Agora, com o debate da reforma da previdência estadual em ascensão, após o anúncio de que deverá enviar o projeto à Assembleia Legislativa (ALESE), temores em relação ao conteúdo do texto preocupam servidores. Vice-governadora, a petista Eliane Aquino anunciou que quando texto passar a tramitar “o PT deverá ficar com o trabalhadores”. O que, em si, também não significa ser contra o projeto. Quem vai determinar o apoio ou não da sigla será o caminho escolhido por Belivaldo.

O deputado federal João Daniel, atual presidente do PT no estado, pareceu seguir a linha da vice-governadora.

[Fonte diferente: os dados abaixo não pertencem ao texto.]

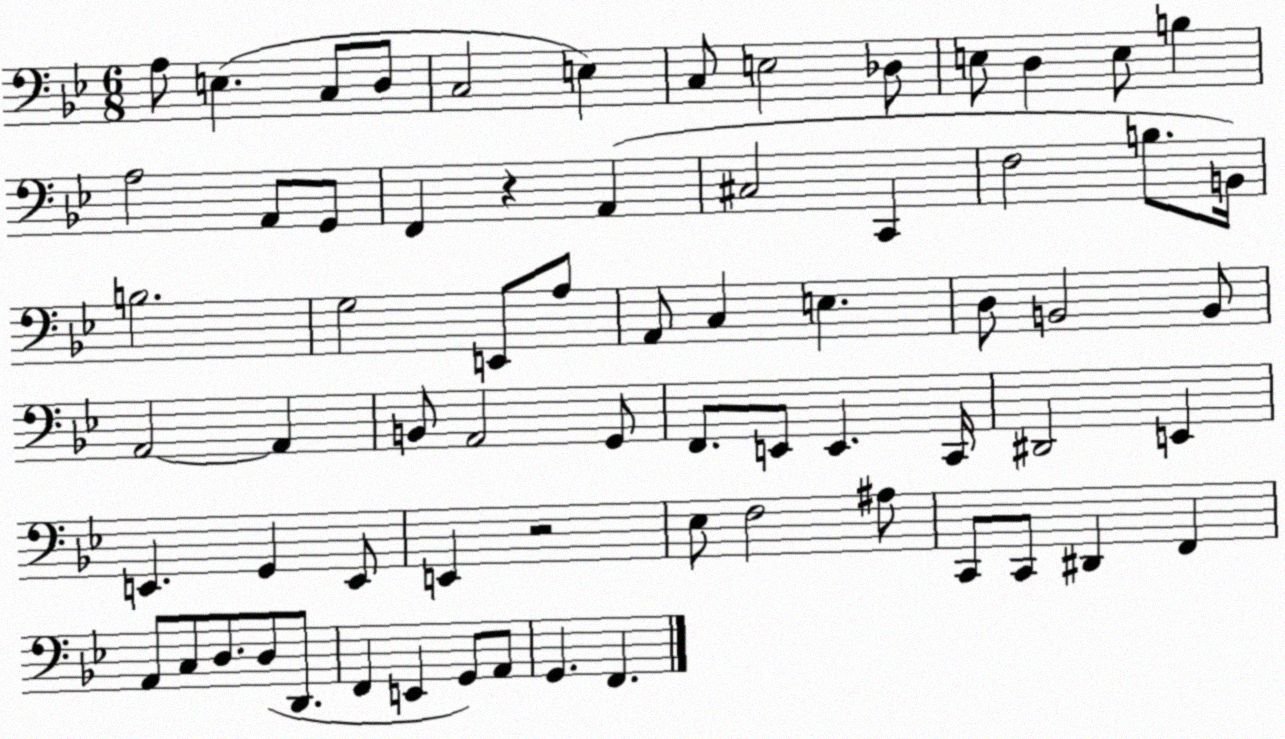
X:1
T:Untitled
M:6/8
L:1/4
K:Bb
A,/2 E, C,/2 D,/2 C,2 E, C,/2 E,2 _D,/2 E,/2 D, E,/2 B, A,2 A,,/2 G,,/2 F,, z A,, ^C,2 C,, F,2 B,/2 B,,/4 B,2 G,2 E,,/2 A,/2 A,,/2 C, E, D,/2 B,,2 B,,/2 A,,2 A,, B,,/2 A,,2 G,,/2 F,,/2 E,,/2 E,, C,,/4 ^D,,2 E,, E,, G,, E,,/2 E,, z2 _E,/2 F,2 ^A,/2 C,,/2 C,,/2 ^D,, F,, A,,/2 C,/2 D,/2 D,/2 D,,/2 F,, E,, G,,/2 A,,/2 G,, F,,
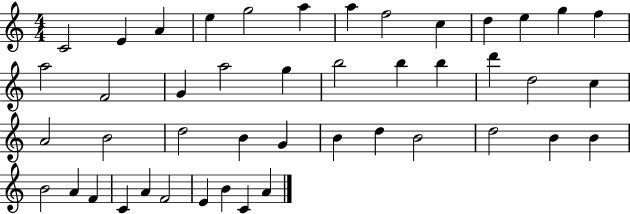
X:1
T:Untitled
M:4/4
L:1/4
K:C
C2 E A e g2 a a f2 c d e g f a2 F2 G a2 g b2 b b d' d2 c A2 B2 d2 B G B d B2 d2 B B B2 A F C A F2 E B C A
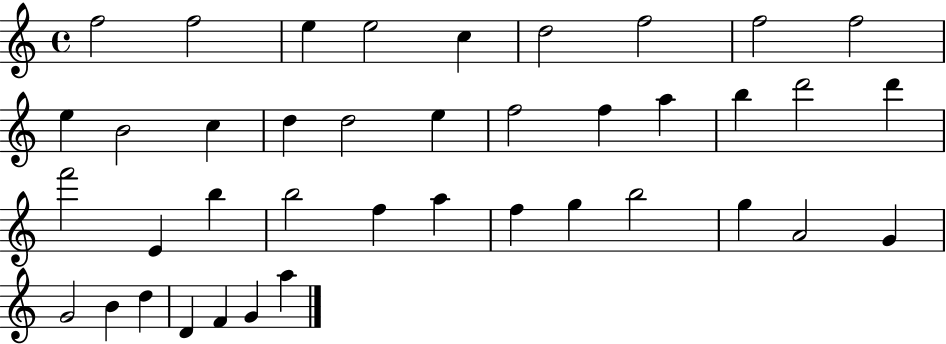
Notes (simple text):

F5/h F5/h E5/q E5/h C5/q D5/h F5/h F5/h F5/h E5/q B4/h C5/q D5/q D5/h E5/q F5/h F5/q A5/q B5/q D6/h D6/q F6/h E4/q B5/q B5/h F5/q A5/q F5/q G5/q B5/h G5/q A4/h G4/q G4/h B4/q D5/q D4/q F4/q G4/q A5/q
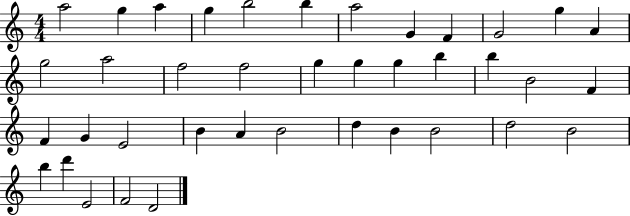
{
  \clef treble
  \numericTimeSignature
  \time 4/4
  \key c \major
  a''2 g''4 a''4 | g''4 b''2 b''4 | a''2 g'4 f'4 | g'2 g''4 a'4 | \break g''2 a''2 | f''2 f''2 | g''4 g''4 g''4 b''4 | b''4 b'2 f'4 | \break f'4 g'4 e'2 | b'4 a'4 b'2 | d''4 b'4 b'2 | d''2 b'2 | \break b''4 d'''4 e'2 | f'2 d'2 | \bar "|."
}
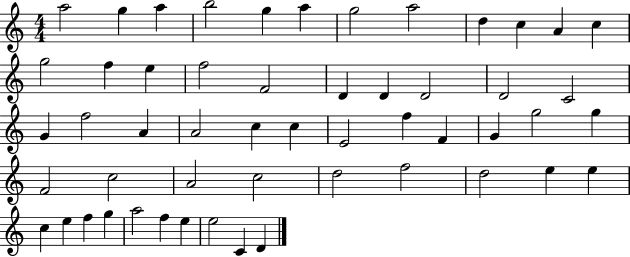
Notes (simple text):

A5/h G5/q A5/q B5/h G5/q A5/q G5/h A5/h D5/q C5/q A4/q C5/q G5/h F5/q E5/q F5/h F4/h D4/q D4/q D4/h D4/h C4/h G4/q F5/h A4/q A4/h C5/q C5/q E4/h F5/q F4/q G4/q G5/h G5/q F4/h C5/h A4/h C5/h D5/h F5/h D5/h E5/q E5/q C5/q E5/q F5/q G5/q A5/h F5/q E5/q E5/h C4/q D4/q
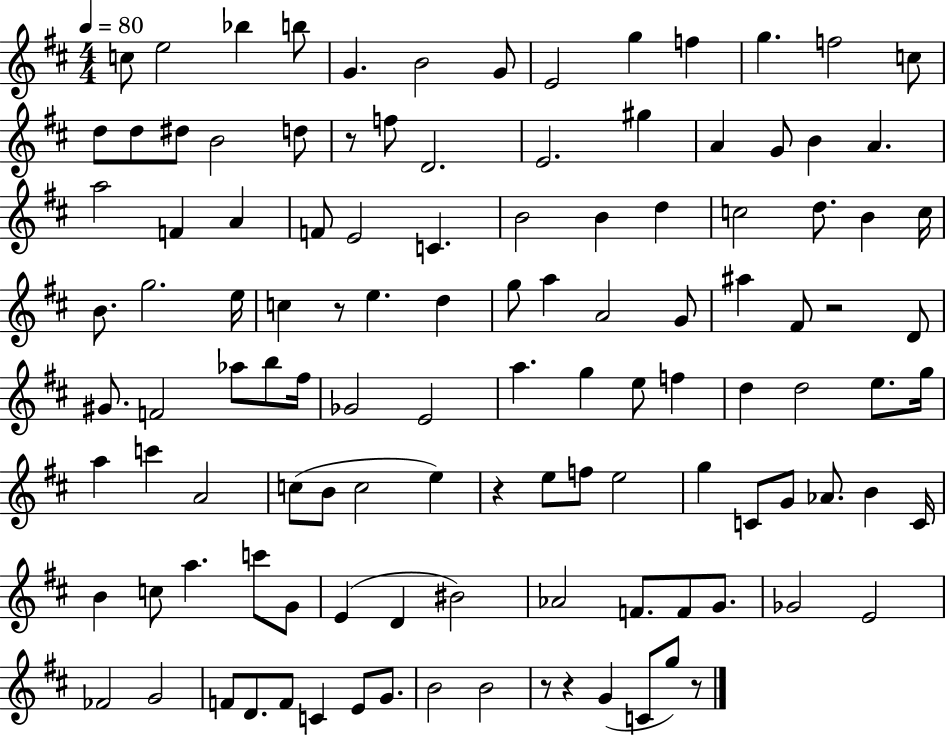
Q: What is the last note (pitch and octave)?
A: G5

Para ele, o projeto deve ser analisado após o envio por parte Chagas à Alese – podendo ou não receber o apoio petista. Segundo o NE Notícias, o governo precisa do apoio de 16 deputados em cada uma das duas votações necessárias para a aprovação do projeto. No entanto, apenas nove parlamentares estiveram com Belivaldo durante jantar promovido na última sexta-feira (22) para explicar a proposta que já estaria pronta.